Marcada
30 Capítulo 29
Capítulo 29
Isabella
Poderia existir dor pior? Pense em mil facas enfiando em seu corpo. Multiplique a sensação por dez. Você vai ter uma ideia do que é ser transformada em uma criatura imortal. Mas não era a dor no corpo que me deixava aflita e com ânsia de vômito. O que me deixava impaciente com a transformação, era o som das batidas do meu coração ficando cada vez menos audível, fraco...
A sensação era de agonia pura, mas de libertação. No mesmo momento que eu sentia meu corpo queimar por inteiro, eu podia senti-lo ficar mais forte à medida que as chamas iam corroendo as células mais fracas, deixando apenas cinzas. Cinzas que seriam transformadas.

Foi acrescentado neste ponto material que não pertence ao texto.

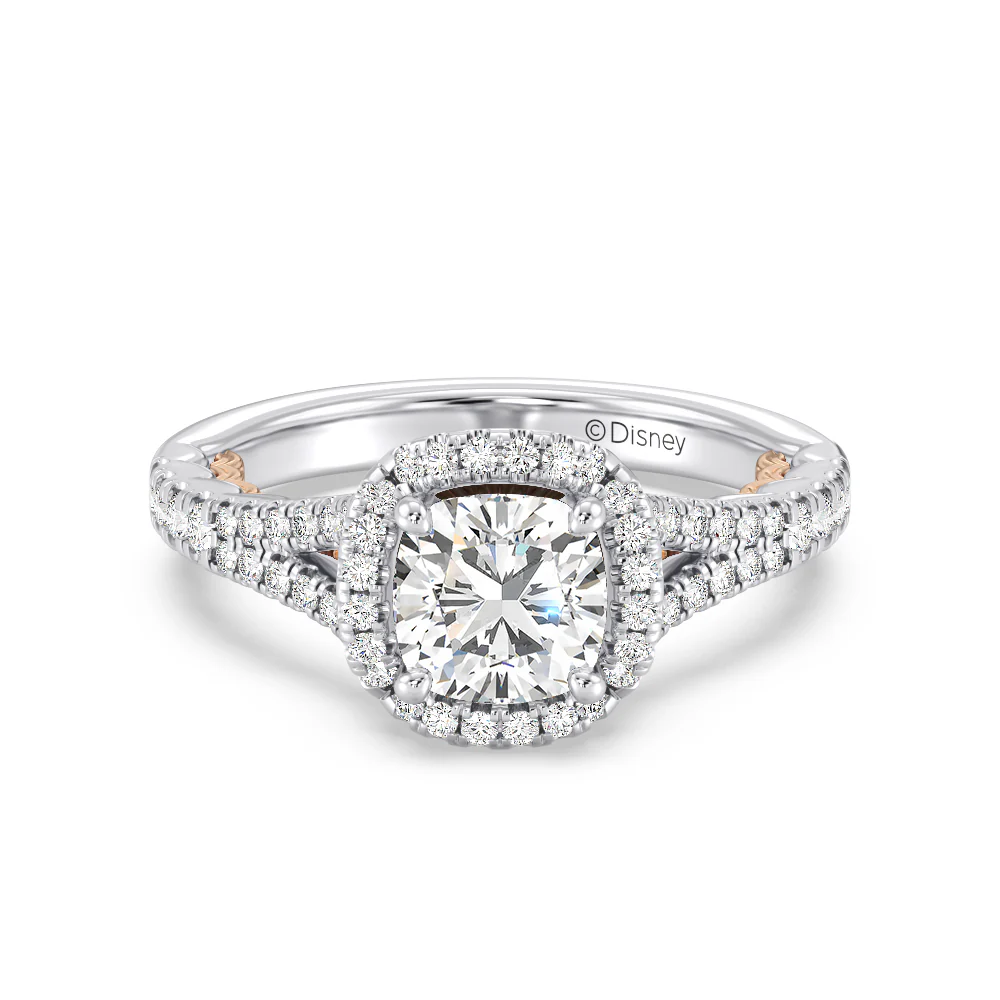 Enchanted Star Lab Grown Diamond 14K Gold Ariel Halo Engagement Ring - Image 14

A sensação diminuiu aos poucos, dando espaço para meus ouvidos, já poderosos, captarem o mínimo barulho. Apenas o som do meu coração preenchia o ambiente, cada vez mais fraco. E quando eu o escutei dar a última batida, eu sabia que havia me tornado imortal.

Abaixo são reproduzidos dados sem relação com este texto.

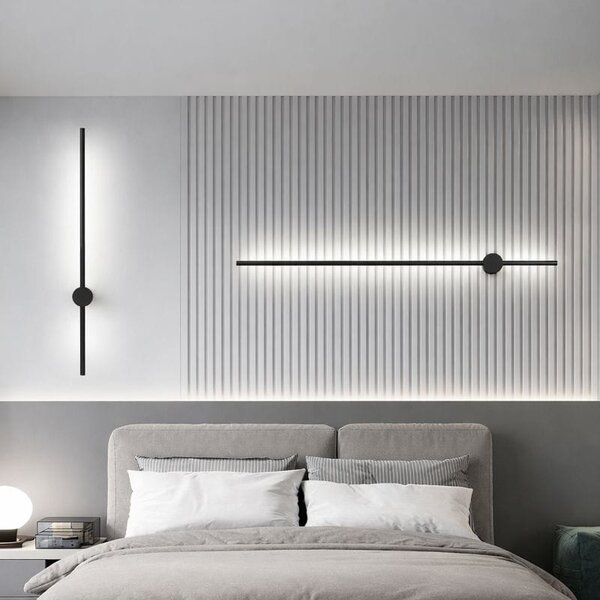 Aplica LED Slim Black lumina neutra 100 cm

Fiquei parada e de olhos fechados por um longo tempo, temendo acordar e descobrir que era apenas um sonho idiota. A imortalidade era desejada por muitos, mesmo que esses soubessem que tal coisa não existia.
Existia para mim.
Senti meu corpo forte o suficiente para me arriscar a abrir os olhos. O cômodo era claro demais, as cores eram mais vivas e os móveis muito mais detalhados. Eu reconheci meu quarto, mas fiquei imóvel, apenas absorvendo a quantidade de informações que meus olhos podiam captar.
Tentei me lembrar de alguns fatos importantes da minha vida humana, mas tudo parecia um borrão, como se eu tivesse sonhado uma vida inteira e acordado depois de anos. Eu sabia que depois de um tempo, as lembranças voltariam à tona, Carlisle me falou sobre isso certo dia.
Lembrar do médico fez com que meu corpo sentisse o primeiro sinal de reconhecimento, e alguns rostos familiares começaram a inundar minha mente rápida, deixando-me um pouco tonta pela quantidade de informação. Eu conseguia ouvir com nitidez o ponteiro do relógio, os carros passando com lentidão pela rua, o vento batendo com força na janela, os pequenos ruídos dos meus vizinhos... Isso estava ficando até mesmo irritante.
Mas eu senti uma coisa que me fez sobressaltar. Eu senti uma presença ao meu lado. Virei minha cabeça em um movimento rápido demais para um ser humano, o que me deixou bastante surpresa e fascinada, e eu o vi. O vampiro estava sentado ao meu lado, na cama.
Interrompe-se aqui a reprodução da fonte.